■ **What to do**: Pictures are to be left out. Return exactly the lines below from the one with "Quadro Decorativo em" up to and including the one with "Jira Product Discovery planning".

■ **Supplied records**:
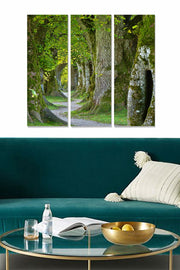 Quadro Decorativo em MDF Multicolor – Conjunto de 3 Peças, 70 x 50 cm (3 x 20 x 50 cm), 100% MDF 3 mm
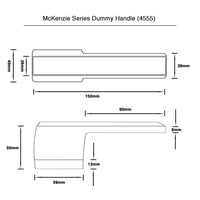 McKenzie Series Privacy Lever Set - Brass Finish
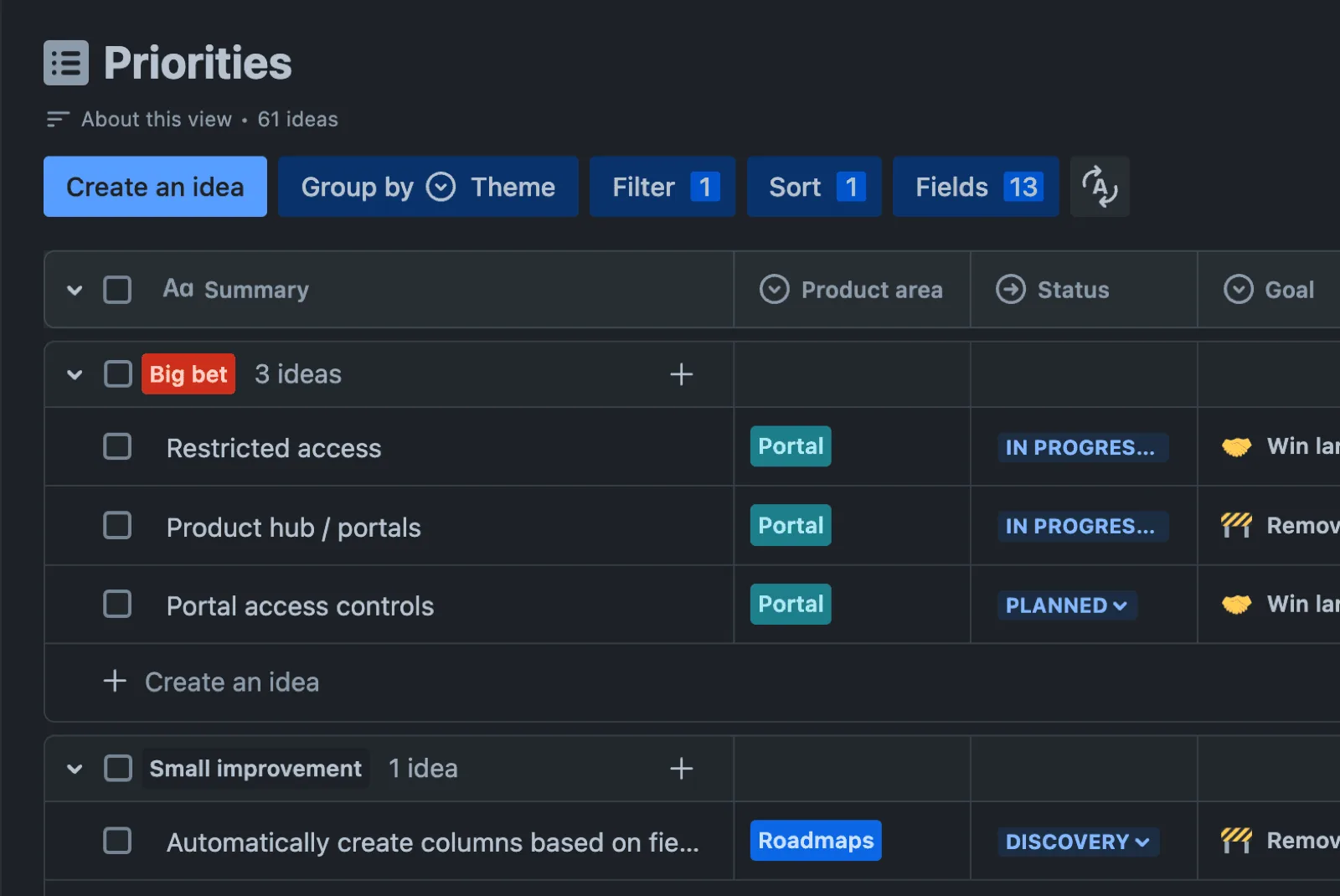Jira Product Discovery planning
...
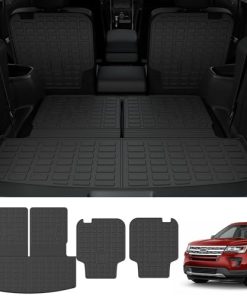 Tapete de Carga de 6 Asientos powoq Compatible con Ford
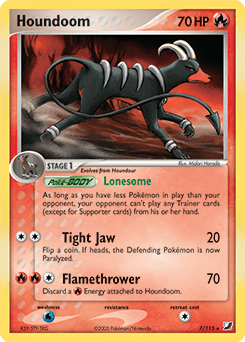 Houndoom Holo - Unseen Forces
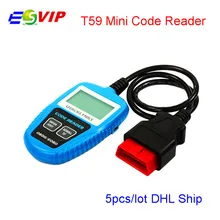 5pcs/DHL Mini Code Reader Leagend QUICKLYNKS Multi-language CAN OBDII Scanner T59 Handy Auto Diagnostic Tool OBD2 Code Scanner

■ **Response**:
 Quadro Decorativo em MDF Multicolor – Conjunto de 3 Peças, 70 x 50 cm (3 x 20 x 50 cm), 100% MDF 3 mm
 McKenzie Series Privacy Lever Set - Brass Finish
Jira Product Discovery planning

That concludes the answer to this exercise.